If the 116,000 signatures are verified, 95.5 WSB’s Bill Caiaccio reports opponents hope a judge will stop construction until the issue is decided at the ballot box.
The effort is led by the Cop City Vote Coalition, whose members have been collecting signatures for almost three months.
The coalition’s march at City Hall comes days after the Georgia Attorney General’s Office announced an indictment charging more than 60 protesters with violating the state’s RICO act.
According to The Atlanta Journal Constitution, most of those indicted had previously been arrested in other protests and were charged with domestic terrorism.
Kamau Franklin, a community leader involved in the referendum effort, told The AJC that opponents believe Attorney General Chris Carr is doing this for his own political purposes. “I think it has no legal basis to stand and no factual basis to be anything close to RICO charges against a whole movement of people trying to exercise their First Amendment and constitutional rights to fight against Cop City,” Franklin added.
During a press conference announcing the indictments, The AJC’s Jozsef Papp reports Carr said his office is simply enforcing the laws of the state.

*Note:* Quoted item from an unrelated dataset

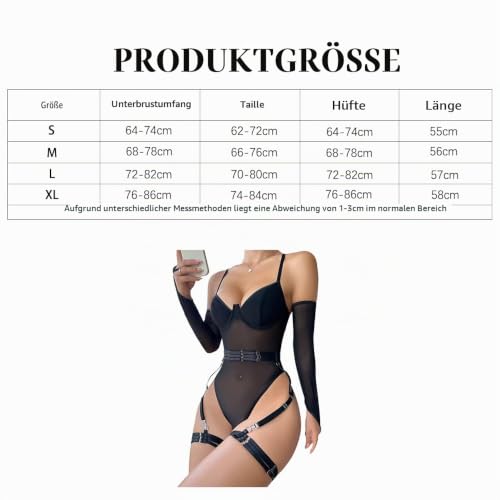 Dessous Damen Sexy Unterwäsche Mesh Transparent Lingerie Set mit Strumpfhalter Netzoberteil Body Netzshirt Reizwäsche Strapse Dessousset – Bild 2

“As you can tell in this indictment, this is about violent acts plain and simple,” Carr said. “The individuals who have been charged, are charged with violent acts. We feel very good about our case and we will continue to prosecute it to the best of our ability.” Read more here.
Last Thursday, September 7, five protesters were arrested after chaining themselves to construction equipment at the Atlanta public training center in DeKalb County.
Nearly two dozen protesters also lined the site in unincorporated DeKalb County, The AJC’s Riley Bunch writes, in opposition to the 85-acre facility. “They chanted ‘Cop City will never be built’ as law enforcement officers amassed,” Bunch adds. “The crowd called the effort ‘the people’s injunction’ to halt construction.”
Protester organizer Mary Hooks tells The AJC the arrested individuals “were bold enough and courageous enough to issue the people’s injunction.”
Hooks adds, “If we cannot find justice in the courts, we will take it in the street.”
The Associated Press and The Atlanta Journal Constitution contributed to this story.